● Problem to work on: Leave the pictures out, and transcribe the material below exactly from the line with "Muna Mirror White Black wall mirror" to the line with "Coleccionismo de Revistas", both lines included.

● Given information:
· · · ·
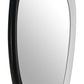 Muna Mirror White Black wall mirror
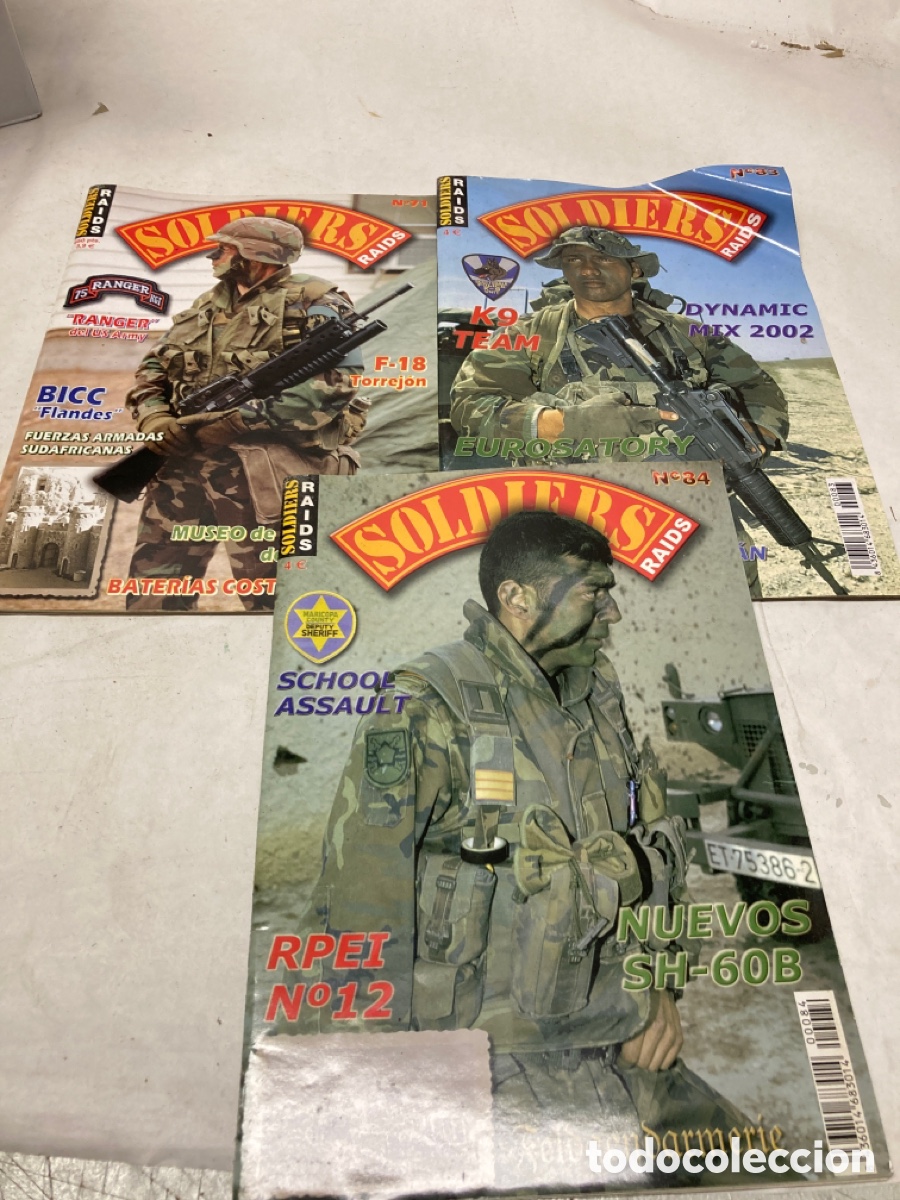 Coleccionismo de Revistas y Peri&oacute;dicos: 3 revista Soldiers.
· · · ·
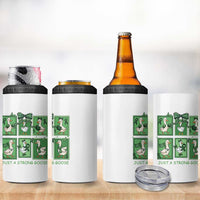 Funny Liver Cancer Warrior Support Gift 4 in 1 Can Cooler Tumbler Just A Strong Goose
· · · ·
● Solved exercise:
 Muna Mirror White Black wall mirror
 Coleccionismo de Revistas y Peri&oacute;dicos: 3 revista Soldiers.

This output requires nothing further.